• WHAT IS BEING ASKED: Would you please return the lines of the entries below starting at the line that has "- Sort Lucide" and ending at the line that has "rachael ray silicone utensils", both included, exactly as they are?

• DATASET RECORDS:
──────
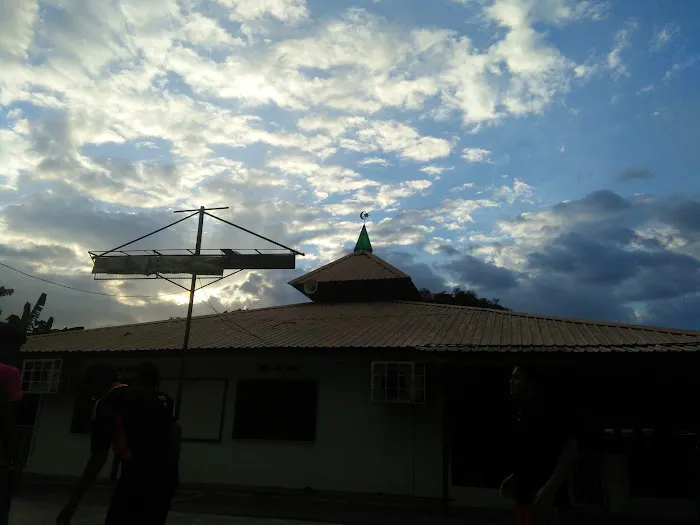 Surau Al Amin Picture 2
──────
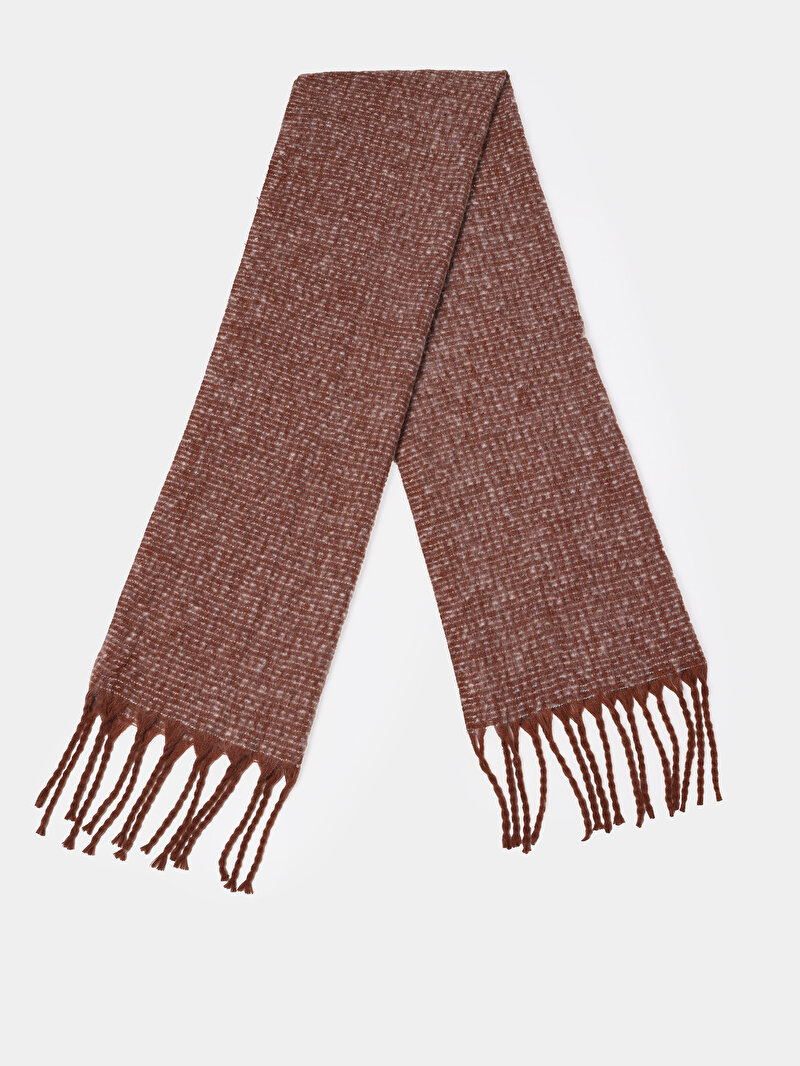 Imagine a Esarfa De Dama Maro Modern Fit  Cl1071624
──────
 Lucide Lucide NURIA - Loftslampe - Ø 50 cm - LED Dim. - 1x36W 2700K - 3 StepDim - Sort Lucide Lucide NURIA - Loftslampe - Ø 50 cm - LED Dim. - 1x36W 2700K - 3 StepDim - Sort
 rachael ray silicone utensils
──────
• EXERCISE SOLUTION:
 Lucide Lucide NURIA - Loftslampe - Ø 50 cm - LED Dim. - 1x36W 2700K - 3 StepDim - Sort Lucide Lucide NURIA - Loftslampe - Ø 50 cm - LED Dim. - 1x36W 2700K - 3 StepDim - Sort
 rachael ray silicone utensils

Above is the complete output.